▶ **EXERCISE OBJECTIVE**:
The response should hold each line from the entries below where "Wall" is found.

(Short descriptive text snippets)

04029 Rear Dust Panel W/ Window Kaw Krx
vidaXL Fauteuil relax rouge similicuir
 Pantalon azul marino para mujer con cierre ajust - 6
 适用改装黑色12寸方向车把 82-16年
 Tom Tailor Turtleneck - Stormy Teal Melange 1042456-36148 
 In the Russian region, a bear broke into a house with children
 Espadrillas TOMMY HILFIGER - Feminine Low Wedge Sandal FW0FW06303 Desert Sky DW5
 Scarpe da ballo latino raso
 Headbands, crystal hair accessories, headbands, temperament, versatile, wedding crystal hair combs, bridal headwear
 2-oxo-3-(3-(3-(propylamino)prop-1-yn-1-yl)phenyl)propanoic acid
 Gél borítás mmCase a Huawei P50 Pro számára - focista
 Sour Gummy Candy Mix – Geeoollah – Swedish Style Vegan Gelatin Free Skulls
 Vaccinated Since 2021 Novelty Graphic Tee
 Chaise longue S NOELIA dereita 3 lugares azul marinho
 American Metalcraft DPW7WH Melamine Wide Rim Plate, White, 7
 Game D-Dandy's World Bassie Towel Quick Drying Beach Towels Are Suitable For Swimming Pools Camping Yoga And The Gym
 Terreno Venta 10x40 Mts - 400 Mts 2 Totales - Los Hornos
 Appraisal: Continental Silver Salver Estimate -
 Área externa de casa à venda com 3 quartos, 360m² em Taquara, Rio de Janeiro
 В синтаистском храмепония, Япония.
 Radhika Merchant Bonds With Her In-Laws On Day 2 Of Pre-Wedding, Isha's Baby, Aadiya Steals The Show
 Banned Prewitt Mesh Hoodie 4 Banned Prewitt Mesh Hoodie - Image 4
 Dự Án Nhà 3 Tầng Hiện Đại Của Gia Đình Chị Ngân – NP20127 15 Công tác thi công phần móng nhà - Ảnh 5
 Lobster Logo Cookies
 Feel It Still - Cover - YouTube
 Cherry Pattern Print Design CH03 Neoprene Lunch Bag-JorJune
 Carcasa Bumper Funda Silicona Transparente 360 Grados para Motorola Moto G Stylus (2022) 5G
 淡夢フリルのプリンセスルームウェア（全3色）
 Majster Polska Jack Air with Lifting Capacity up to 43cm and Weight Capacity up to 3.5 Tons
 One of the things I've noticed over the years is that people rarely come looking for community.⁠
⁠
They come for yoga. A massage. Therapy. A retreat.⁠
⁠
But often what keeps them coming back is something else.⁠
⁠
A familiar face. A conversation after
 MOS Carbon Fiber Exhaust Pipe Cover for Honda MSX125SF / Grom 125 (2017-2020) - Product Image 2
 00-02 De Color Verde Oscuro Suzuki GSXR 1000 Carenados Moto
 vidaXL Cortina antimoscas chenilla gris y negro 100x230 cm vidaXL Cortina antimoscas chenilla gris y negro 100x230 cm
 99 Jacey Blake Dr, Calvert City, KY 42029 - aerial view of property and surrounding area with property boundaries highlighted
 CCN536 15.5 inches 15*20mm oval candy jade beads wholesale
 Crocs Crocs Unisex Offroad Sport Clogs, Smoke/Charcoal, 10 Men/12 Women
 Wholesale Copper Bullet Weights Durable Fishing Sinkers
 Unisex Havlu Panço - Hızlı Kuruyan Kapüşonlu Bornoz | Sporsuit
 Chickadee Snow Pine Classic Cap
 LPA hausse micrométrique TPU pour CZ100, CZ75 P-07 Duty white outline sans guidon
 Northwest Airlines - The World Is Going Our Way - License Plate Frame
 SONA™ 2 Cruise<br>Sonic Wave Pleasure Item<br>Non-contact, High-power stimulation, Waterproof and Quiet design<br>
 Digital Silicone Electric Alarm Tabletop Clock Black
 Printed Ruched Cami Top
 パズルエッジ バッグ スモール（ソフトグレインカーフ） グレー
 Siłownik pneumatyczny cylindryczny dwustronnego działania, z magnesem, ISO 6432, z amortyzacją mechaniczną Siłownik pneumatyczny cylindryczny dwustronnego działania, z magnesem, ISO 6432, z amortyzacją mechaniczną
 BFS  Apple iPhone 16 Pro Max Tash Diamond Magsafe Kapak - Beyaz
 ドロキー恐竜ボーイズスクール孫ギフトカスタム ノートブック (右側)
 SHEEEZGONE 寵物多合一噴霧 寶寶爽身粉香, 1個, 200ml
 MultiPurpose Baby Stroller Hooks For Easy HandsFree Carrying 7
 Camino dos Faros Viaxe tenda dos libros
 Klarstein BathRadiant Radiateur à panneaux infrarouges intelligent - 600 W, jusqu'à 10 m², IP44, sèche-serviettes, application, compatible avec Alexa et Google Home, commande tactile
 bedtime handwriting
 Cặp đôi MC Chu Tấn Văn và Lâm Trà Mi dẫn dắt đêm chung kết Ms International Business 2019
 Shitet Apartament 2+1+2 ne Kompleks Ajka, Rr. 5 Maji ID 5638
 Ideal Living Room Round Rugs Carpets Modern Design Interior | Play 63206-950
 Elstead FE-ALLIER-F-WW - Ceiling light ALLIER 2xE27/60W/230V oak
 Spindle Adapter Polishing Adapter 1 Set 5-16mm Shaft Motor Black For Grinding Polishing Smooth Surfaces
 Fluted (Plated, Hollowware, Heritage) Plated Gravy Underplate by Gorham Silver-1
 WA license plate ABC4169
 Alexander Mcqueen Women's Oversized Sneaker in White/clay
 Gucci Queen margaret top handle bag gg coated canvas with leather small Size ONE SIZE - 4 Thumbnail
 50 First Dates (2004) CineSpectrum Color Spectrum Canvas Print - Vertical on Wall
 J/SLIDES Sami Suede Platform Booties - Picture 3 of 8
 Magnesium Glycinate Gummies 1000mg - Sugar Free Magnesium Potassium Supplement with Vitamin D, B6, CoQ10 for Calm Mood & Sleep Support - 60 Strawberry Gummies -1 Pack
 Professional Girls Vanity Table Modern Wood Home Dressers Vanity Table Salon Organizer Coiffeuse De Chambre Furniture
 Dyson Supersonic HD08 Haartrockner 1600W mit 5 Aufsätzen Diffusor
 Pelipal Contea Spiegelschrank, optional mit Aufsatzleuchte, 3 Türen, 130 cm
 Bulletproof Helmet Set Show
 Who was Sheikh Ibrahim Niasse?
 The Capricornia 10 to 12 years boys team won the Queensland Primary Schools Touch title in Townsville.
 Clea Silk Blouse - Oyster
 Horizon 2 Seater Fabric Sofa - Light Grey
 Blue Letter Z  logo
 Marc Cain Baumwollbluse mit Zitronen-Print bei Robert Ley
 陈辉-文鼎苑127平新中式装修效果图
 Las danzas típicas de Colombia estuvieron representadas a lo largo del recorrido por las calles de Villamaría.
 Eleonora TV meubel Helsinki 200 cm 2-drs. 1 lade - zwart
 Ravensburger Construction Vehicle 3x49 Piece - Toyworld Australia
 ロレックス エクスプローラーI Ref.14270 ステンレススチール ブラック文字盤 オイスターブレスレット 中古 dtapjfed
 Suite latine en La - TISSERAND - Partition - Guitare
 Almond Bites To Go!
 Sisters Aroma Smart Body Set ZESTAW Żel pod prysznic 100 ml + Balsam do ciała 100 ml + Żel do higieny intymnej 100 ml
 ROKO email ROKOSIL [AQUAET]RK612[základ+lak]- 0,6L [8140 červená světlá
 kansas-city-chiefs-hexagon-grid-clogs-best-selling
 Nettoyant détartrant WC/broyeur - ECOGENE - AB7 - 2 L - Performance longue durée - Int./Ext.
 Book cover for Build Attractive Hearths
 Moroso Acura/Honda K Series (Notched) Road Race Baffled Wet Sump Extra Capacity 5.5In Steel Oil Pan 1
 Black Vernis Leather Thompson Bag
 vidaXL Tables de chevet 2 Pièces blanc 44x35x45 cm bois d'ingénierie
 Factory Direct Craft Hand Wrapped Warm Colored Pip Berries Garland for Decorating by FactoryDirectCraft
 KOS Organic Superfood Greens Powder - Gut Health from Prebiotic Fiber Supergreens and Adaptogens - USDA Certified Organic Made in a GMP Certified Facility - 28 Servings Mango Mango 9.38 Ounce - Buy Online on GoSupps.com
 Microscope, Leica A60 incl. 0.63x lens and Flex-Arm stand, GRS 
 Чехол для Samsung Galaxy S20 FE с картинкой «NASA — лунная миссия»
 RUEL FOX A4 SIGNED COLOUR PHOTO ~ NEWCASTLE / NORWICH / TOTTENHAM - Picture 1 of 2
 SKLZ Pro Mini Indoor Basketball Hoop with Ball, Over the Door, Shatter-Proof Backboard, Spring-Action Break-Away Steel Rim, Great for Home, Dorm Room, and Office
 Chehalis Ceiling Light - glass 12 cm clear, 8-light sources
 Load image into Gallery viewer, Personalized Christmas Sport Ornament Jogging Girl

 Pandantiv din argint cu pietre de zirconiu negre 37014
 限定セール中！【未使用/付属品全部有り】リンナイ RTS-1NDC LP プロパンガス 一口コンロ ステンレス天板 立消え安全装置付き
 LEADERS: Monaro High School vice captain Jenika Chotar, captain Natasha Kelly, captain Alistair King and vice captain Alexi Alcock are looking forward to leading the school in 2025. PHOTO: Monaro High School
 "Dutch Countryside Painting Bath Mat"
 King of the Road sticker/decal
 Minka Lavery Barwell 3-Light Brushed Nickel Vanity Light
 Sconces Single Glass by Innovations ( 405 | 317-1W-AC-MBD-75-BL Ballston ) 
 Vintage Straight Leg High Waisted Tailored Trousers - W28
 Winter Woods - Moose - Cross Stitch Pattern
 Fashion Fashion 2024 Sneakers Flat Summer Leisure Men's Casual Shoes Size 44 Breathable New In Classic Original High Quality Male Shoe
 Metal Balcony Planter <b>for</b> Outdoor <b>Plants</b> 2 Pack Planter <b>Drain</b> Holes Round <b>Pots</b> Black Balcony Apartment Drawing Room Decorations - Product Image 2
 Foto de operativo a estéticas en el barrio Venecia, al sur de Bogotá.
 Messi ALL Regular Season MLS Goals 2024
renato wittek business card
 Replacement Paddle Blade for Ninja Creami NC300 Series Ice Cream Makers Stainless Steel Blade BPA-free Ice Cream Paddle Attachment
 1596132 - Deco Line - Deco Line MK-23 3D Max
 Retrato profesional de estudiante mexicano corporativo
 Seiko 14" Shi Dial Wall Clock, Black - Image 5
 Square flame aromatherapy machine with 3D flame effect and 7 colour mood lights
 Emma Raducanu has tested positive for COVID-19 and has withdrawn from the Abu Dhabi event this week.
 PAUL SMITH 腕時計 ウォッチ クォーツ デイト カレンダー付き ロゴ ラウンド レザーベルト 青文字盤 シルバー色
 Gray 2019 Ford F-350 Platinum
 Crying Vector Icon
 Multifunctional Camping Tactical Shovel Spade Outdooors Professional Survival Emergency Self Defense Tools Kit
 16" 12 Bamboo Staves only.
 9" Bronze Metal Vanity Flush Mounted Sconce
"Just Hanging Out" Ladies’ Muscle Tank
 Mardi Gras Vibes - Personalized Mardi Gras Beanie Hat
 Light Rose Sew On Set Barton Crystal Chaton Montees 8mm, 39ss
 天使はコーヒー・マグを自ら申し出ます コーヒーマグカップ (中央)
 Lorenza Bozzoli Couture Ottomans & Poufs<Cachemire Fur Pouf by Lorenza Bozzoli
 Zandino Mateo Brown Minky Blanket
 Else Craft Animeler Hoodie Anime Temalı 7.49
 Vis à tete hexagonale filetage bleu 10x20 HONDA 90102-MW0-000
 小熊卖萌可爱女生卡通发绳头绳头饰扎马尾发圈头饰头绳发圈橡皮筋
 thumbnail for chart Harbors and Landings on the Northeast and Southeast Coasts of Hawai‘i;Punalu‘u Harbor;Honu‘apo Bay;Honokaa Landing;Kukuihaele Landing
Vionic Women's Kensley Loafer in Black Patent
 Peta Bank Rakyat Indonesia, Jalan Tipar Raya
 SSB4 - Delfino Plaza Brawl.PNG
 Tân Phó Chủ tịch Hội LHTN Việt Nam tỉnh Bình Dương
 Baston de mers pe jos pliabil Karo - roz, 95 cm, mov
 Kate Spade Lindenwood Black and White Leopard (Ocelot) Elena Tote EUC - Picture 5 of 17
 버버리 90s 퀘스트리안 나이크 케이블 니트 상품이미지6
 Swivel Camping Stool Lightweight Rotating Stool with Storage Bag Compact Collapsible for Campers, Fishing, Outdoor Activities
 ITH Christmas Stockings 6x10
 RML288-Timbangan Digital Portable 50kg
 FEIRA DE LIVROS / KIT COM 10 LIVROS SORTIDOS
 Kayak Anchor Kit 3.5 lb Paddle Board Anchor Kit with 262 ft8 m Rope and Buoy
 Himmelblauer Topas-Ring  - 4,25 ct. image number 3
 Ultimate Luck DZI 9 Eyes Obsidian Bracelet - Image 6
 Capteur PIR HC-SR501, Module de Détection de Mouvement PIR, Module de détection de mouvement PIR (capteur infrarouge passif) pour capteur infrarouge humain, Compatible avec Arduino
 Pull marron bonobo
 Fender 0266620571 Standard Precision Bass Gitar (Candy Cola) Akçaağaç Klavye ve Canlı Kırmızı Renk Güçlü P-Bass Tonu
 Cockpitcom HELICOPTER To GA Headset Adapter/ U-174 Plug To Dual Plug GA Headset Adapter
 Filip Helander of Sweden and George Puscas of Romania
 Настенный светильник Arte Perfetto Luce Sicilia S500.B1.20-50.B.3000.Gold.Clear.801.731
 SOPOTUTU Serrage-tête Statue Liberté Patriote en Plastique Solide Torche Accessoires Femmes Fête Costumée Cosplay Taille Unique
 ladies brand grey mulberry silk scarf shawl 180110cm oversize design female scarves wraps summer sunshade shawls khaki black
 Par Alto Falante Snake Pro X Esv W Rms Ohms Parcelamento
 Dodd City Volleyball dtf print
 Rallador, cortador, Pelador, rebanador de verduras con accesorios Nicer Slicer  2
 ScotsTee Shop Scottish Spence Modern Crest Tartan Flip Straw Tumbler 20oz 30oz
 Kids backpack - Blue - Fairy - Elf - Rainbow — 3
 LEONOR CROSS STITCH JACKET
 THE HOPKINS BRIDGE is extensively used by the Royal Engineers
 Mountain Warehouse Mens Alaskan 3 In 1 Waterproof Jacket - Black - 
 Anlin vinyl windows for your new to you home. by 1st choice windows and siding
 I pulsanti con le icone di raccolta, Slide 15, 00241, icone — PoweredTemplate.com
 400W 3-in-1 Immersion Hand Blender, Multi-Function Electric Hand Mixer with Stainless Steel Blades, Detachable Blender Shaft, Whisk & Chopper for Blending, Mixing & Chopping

▶ **SOLUTION FOR THIS EXERCISE**:
 50 First Dates (2004) CineSpectrum Color Spectrum Canvas Print - Vertical on Wall
 Seiko 14" Shi Dial Wall Clock, Black - Image 5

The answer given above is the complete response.